Now, having this information, how are we adjusting and EMBRACING these changes? And more importantly what attitudes towards our population’s transformation are we modeling to the children around us? Are we planting seeds of collaboration and acceptance or continuing “old business” by giving them the tools to see others who look differently from them as enemies and people to be feared? I am sure we all agree that there is definitely room for improvement.
So where do we begin? Well, the first step, and probably the most difficult, is taking a long honest look in the mirror to realize how we truly look at those around us of different races, ethnicities and religions. Have we ever made a “harmless” comment such as “you know how they are” or “there are too many of them living there; we should move elsewhere”? Watch for instances of prejudice in our own lives, both in words and actions, then talk to the children around us about how untrue these ideas really are.
It is also important to increase your awareness of media influences in your child’s life. What messages are being related through the shows they watch and the music on their iPods? If you watch television for only a few hours, I am willing to bet that you will see portrayals of some groups in a negative light. When you experience these instances in the presence of a child, bring attention to it. And as we, as adults, grow in the awareness of our own feelings and attitudes, it is important to point out those times when we have prejudged. Share how these statements and attitudes are not only inaccurate but they are also very hurtful. If you hear your child repeat similar comments, immediately use that as a powerful learning opportunity.
As Manager of the Mayor’s Office of Multicultural and Religious Affairs for the City of Memphis, I am always amazed by the vast diversity and countless cultural events in our city.
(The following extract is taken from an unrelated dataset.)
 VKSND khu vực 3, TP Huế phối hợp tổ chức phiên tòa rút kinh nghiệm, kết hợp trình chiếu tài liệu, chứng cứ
Share this diversity with your child by attending local festivals and events that expose them to different races and cultures. Try different types of food when you go out as a family and maybe even prepare a few at home as well.
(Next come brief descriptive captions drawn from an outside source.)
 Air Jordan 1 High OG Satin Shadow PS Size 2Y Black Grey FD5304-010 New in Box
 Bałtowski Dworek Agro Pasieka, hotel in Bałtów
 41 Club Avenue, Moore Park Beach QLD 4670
Being an advocate for the just treatment of other ethnic groups is also a wonderful way to demonstrate tolerance to our youth. Just because the discrimination issue doesn’t affect you today, there is a great possibility that one day in the future it will. So model the same support and encouragement for others that you would hope to receive if you were in that situation. Let children see evidence of courage in your actions but also, allow them to see patience as well as forgiveness.
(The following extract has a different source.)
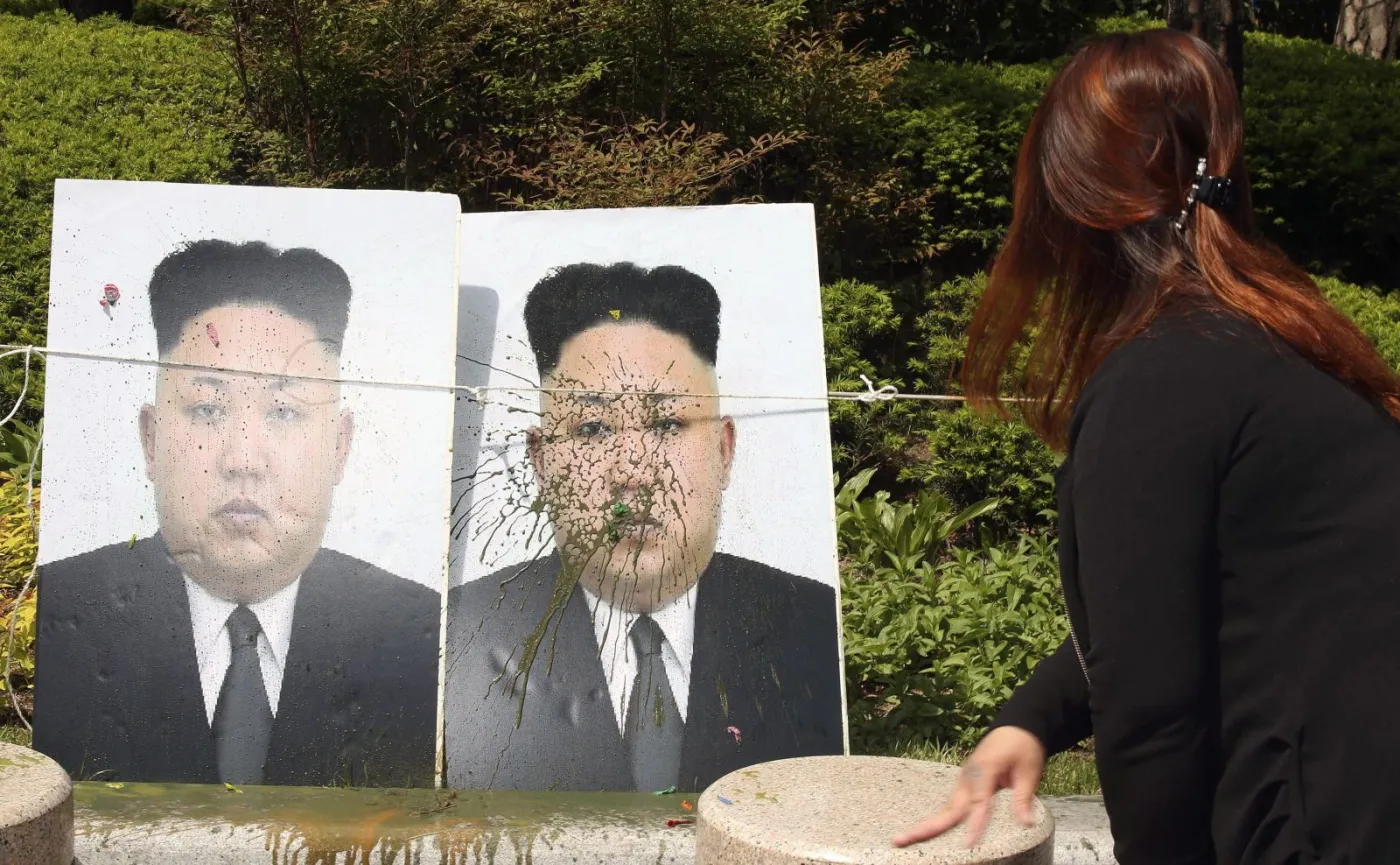 Korea Południowa. Akcja obrzucania balonami z farbą portretów Kim Dzong Una, przywódcy Korei Północnej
I believe Dr. Martin Luther King Jr. said it best when he stated, “We must learn to live together as brothers or perish together as fools”. And I think an important word in that statement is learn because this truly is a learning process, one that children and adults are participating in together. We have the responsibility to be teachers of tolerance to those around us and by doing this, we empower the children in our lives to not only see the beauty in others but also embrace and cherish their own beauty as well.